The bones which were discovered belonged to the species Gaiasia jennyae - a four-legged vertebrate about eight-feet-long with an eel-like body and a large, 2-foot (60 centimeters) long head filled with fangs. Named after the Gai-As rock formation in Namibia, the research team says the specimens belonged to a family of these giant, swamp-dwelling vertebrates that was believed to have been extinct for millions of years.

“The early story of the first tetrapods is much more complex than we thought,” said Claudia Marsicano, a study co-author at the University of Buenos Aires.

The predator lived about 280 million years ago during the early Permian period; that was during the time of Pangea and about 40 million years before dinosaurs evolved. Previously, scientists found that these creatures flourished in hot, coal swamps along the equator in what is now North America and Europe. But the recent discovery in Namibia, which was once encrusted with glaciers and ice, is prompting questions about the emergence of tetrapods.

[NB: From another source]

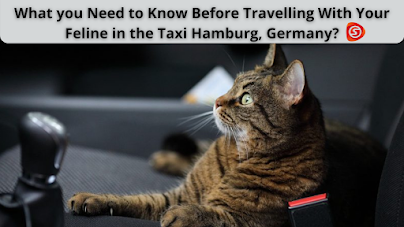 What you Need to Know Before Travelling With Your Feline in the Taxi Hamburg, Germany?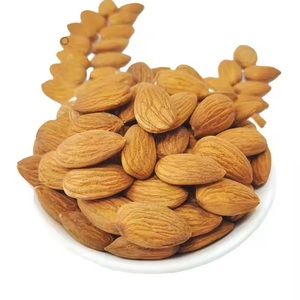 Almendras Secas Naturales con Alto Contenido de Proteína de Proveedor Directo |   Almendras Crudas Sin Cáscara, Certificadas Orgánicas, 99.5% de Contenido, 24 Meses de Vida Útil - Product Image 1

The discovery also highlights how marginalized sites in South America and Africa have been in the world of paleontology.
“It was displaced in time, displaced regionally and also far too big,” said Claudia Marsicano, a paleontologist at the University of Buenos Aires and an author of a paper describing the animal in the journal Nature on Wednesday. “There were a lot of things that made it unique.”
About 400 million years ago, colosteids and other early tetrapods first evolved. But when the archaic tetrapods disappeared from the jungles of North America and Europe, researchers believed they had gone extinct.
Only, Gaiasia has been discovered about 20 million years later than expected, said Marsicano. Existing in cool waterways may have helped these early tetrapods gain their massive size as well, as competition for meals may have been rarer than those of their jungle-bound counterparts.